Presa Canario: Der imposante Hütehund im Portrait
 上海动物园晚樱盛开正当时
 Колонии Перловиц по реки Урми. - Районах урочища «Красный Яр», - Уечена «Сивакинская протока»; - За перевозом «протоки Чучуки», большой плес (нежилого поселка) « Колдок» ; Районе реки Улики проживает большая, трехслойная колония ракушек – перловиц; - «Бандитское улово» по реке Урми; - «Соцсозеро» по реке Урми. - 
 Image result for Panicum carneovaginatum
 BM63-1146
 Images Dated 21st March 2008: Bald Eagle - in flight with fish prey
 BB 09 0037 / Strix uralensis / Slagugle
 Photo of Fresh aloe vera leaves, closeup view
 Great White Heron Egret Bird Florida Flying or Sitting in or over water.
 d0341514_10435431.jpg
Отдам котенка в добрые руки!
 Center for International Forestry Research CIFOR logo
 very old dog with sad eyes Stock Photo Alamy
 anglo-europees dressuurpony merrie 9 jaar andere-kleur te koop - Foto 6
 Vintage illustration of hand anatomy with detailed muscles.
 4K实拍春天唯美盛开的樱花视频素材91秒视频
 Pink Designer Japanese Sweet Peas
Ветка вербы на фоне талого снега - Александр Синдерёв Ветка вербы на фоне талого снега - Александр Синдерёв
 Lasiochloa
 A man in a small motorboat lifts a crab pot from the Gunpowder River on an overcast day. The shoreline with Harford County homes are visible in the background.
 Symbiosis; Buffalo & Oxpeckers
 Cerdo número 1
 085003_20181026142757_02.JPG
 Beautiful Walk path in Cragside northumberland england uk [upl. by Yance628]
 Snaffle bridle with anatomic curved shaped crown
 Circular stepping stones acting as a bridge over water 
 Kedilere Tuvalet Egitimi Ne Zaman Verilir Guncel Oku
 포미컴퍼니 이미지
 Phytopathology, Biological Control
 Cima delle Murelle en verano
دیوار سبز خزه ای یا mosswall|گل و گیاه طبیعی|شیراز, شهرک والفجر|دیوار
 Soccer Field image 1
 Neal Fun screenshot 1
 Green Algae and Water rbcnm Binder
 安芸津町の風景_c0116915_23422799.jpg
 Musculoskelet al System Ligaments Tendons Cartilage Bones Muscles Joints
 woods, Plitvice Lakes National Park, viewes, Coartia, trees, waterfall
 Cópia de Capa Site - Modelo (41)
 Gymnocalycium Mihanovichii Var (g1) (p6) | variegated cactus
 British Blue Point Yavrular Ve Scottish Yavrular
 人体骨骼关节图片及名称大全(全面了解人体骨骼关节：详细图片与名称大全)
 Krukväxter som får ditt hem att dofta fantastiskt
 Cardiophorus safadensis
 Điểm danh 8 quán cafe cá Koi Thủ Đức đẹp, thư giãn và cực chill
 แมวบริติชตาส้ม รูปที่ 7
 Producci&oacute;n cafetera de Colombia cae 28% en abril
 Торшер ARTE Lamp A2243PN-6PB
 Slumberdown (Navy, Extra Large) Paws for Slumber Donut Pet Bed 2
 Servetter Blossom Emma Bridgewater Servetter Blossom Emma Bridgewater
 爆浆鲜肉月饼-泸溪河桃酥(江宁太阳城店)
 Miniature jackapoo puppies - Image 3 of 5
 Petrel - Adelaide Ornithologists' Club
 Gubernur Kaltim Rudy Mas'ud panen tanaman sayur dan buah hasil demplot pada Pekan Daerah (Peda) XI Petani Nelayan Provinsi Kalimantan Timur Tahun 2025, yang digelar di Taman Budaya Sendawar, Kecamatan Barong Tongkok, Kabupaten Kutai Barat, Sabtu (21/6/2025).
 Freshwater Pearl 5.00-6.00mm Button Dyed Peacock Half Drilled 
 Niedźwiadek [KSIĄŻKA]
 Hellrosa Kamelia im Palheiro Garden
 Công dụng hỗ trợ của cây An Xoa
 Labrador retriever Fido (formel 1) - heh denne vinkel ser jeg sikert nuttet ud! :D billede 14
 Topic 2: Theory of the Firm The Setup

What is required: Work out how many lines above have the string "with" in them, and give only the number.

Written reply: 5